DIRECTIONS | The reply should contain every entry exactly as given, with no pictures in it.

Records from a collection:
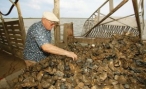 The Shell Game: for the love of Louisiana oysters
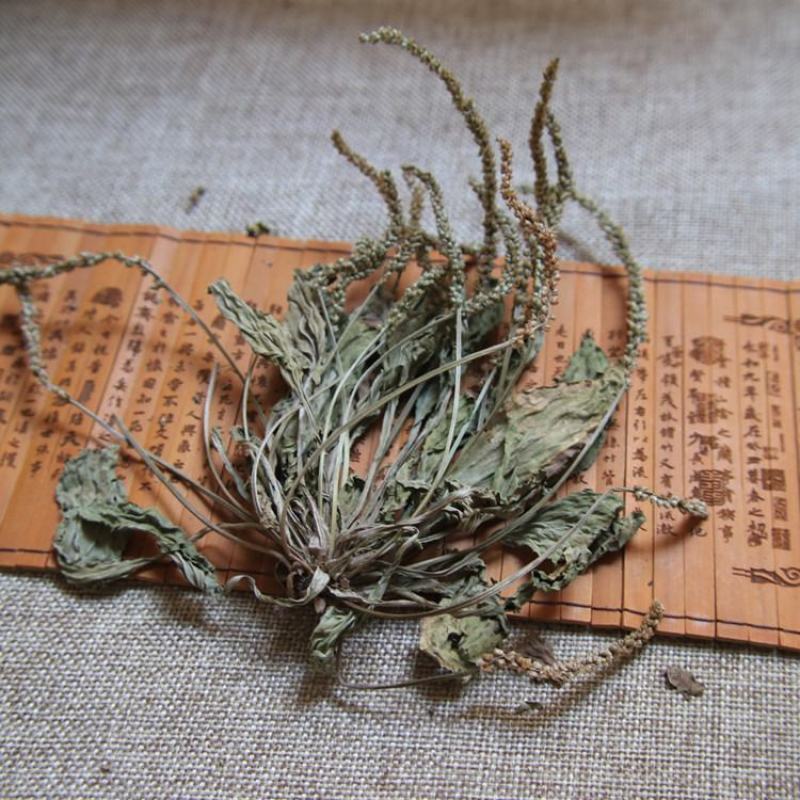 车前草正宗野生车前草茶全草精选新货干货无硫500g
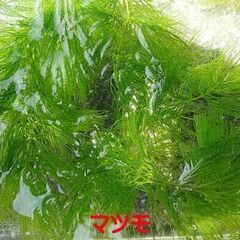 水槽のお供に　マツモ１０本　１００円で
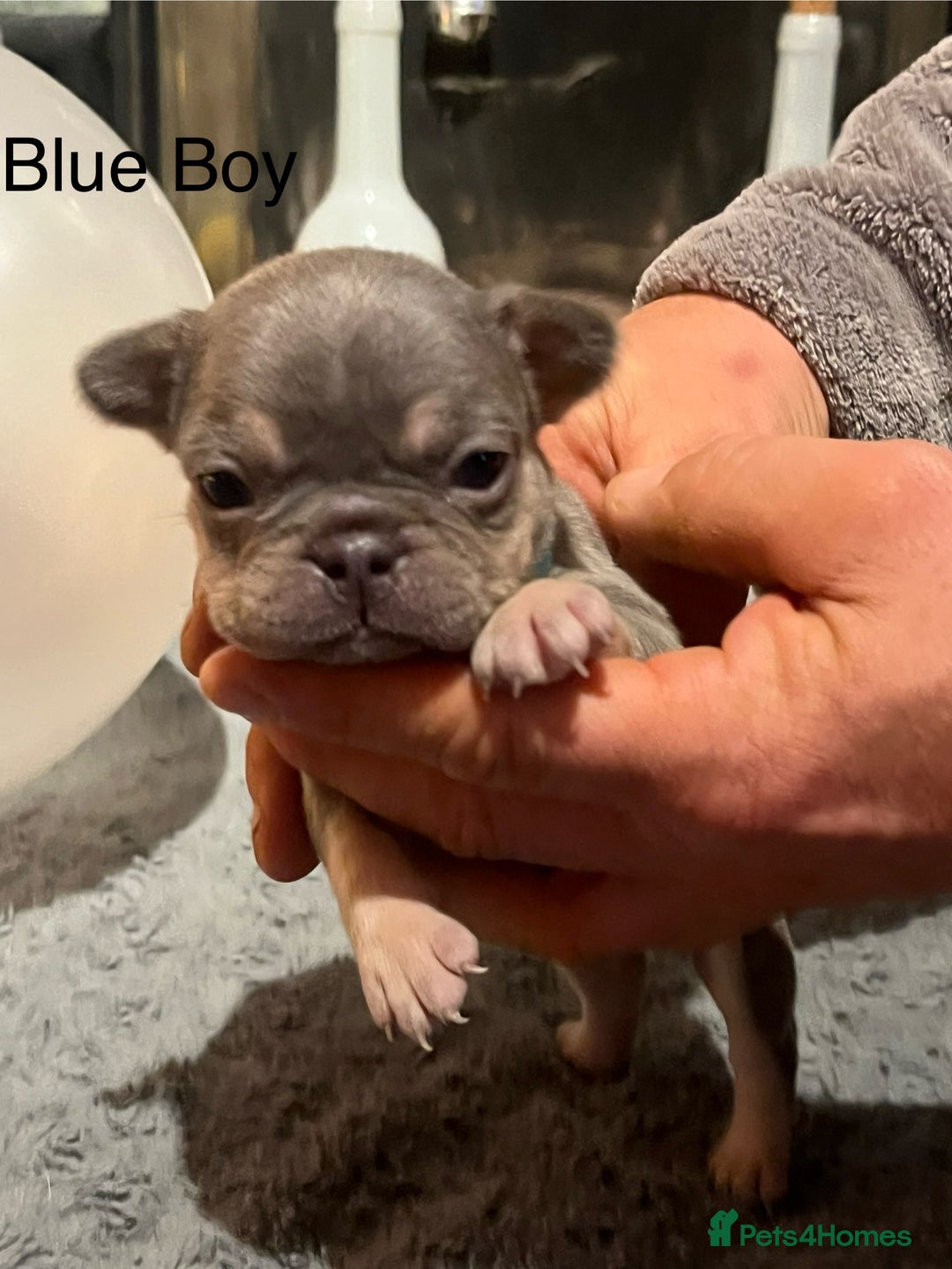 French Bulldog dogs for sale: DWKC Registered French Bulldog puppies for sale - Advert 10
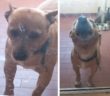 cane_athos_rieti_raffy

TASK SOLUTION |
 The Shell Game: for the love of Louisiana oysters
 车前草正宗野生车前草茶全草精选新货干货无硫500g
 水槽のお供に　マツモ１０本　１００円で
 French Bulldog dogs for sale: DWKC Registered French Bulldog puppies for sale - Advert 10
 cane_athos_rieti_raffy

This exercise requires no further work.